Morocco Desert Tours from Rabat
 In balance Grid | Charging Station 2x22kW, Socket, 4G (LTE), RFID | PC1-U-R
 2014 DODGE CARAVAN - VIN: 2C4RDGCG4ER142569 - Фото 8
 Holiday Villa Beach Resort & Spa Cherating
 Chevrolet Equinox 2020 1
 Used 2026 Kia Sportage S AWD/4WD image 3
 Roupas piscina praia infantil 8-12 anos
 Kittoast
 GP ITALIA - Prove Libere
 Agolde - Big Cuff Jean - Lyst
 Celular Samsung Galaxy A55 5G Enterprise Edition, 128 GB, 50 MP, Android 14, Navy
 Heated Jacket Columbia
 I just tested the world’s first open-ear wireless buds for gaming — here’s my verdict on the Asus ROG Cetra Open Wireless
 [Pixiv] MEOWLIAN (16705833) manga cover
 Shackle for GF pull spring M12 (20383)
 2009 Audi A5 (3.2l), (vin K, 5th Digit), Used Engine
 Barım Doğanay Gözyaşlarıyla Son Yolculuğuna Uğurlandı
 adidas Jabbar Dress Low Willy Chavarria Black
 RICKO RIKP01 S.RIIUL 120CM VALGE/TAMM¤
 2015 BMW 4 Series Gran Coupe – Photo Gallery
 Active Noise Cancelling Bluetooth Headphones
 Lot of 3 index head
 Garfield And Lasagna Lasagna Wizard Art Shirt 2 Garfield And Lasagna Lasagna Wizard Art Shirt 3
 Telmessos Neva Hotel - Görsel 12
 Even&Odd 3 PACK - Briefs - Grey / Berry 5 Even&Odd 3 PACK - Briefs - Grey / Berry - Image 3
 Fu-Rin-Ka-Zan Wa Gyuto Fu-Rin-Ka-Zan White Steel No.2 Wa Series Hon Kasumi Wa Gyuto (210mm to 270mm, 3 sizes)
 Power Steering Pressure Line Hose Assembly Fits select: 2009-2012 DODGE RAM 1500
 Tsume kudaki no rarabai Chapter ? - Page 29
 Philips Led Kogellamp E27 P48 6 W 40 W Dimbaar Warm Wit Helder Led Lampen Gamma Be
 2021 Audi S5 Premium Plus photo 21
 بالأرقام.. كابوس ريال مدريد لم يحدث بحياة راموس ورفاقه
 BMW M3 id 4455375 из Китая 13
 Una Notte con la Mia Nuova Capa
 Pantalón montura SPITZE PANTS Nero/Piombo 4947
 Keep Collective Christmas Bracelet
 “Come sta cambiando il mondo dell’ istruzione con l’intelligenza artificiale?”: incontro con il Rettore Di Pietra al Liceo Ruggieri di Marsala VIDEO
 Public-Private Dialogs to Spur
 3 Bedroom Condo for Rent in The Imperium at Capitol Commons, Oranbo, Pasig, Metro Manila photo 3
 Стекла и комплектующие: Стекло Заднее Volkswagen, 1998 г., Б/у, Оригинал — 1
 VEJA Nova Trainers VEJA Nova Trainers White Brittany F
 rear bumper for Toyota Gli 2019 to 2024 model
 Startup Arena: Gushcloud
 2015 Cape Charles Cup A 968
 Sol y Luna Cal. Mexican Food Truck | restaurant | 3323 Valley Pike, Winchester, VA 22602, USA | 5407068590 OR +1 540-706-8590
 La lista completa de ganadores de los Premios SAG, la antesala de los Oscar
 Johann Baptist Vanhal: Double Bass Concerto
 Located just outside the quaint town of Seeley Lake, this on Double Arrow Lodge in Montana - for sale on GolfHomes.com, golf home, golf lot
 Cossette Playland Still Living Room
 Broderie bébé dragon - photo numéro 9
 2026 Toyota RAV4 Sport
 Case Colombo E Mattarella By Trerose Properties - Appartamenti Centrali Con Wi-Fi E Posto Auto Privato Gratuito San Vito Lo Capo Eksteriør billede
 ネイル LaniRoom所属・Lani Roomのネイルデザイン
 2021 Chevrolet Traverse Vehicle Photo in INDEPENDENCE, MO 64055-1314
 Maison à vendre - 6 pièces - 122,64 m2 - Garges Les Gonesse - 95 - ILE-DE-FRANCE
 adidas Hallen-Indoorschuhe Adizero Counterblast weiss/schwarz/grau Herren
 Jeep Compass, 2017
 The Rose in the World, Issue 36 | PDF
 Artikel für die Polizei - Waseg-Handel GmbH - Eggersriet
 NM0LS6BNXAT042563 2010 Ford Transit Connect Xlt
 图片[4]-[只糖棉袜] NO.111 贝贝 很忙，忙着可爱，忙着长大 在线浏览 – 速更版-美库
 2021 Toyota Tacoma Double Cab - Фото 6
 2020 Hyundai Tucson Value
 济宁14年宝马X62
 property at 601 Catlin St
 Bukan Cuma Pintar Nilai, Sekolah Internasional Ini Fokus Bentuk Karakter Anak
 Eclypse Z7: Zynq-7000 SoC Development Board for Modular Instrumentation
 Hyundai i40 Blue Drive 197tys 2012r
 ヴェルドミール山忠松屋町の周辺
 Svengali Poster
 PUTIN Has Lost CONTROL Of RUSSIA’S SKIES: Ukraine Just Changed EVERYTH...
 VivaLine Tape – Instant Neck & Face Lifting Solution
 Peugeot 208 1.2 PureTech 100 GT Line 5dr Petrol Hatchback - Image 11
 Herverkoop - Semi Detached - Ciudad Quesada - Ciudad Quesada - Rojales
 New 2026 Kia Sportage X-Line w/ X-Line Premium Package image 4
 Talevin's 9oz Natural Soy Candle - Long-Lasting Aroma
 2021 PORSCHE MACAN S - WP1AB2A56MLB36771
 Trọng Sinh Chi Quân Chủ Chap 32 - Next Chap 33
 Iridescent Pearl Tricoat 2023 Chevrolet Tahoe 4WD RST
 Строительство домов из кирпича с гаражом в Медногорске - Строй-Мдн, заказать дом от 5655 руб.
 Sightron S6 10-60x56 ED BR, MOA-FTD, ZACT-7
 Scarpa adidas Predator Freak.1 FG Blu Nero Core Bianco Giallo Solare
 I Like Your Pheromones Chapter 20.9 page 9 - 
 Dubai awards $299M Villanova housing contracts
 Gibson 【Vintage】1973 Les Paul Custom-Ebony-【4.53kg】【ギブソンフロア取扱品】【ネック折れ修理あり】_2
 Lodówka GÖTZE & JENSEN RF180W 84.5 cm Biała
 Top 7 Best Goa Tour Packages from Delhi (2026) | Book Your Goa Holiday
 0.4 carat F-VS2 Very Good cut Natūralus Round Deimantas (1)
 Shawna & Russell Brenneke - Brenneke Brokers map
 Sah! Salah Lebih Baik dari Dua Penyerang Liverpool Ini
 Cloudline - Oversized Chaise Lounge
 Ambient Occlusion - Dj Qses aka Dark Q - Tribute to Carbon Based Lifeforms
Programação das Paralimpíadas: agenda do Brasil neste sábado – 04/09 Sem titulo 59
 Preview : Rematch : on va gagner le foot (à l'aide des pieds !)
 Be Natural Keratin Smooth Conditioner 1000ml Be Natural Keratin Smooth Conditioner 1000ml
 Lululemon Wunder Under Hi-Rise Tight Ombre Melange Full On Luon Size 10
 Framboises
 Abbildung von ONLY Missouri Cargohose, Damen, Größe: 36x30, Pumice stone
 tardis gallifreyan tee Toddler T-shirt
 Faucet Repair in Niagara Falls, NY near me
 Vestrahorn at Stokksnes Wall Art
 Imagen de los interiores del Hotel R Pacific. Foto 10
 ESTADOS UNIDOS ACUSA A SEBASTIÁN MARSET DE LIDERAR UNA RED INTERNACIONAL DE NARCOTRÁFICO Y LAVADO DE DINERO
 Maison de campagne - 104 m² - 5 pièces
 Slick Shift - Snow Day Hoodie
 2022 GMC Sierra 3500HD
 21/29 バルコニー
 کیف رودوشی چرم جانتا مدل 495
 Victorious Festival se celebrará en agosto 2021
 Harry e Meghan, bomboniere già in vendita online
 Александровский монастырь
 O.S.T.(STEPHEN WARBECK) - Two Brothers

• [PROMPT]:
The listing above holds a line with "VivaLine Tape –" and a line with "2021 PORSCHE MACAN S - WP1AB2A56MLB36771". Print the stretch from the first through the second, exactly and alone.

• [FINISHED EXERCISE]:
 VivaLine Tape – Instant Neck & Face Lifting Solution
 Peugeot 208 1.2 PureTech 100 GT Line 5dr Petrol Hatchback - Image 11
 Herverkoop - Semi Detached - Ciudad Quesada - Ciudad Quesada - Rojales
 New 2026 Kia Sportage X-Line w/ X-Line Premium Package image 4
 Talevin's 9oz Natural Soy Candle - Long-Lasting Aroma
 2021 PORSCHE MACAN S - WP1AB2A56MLB36771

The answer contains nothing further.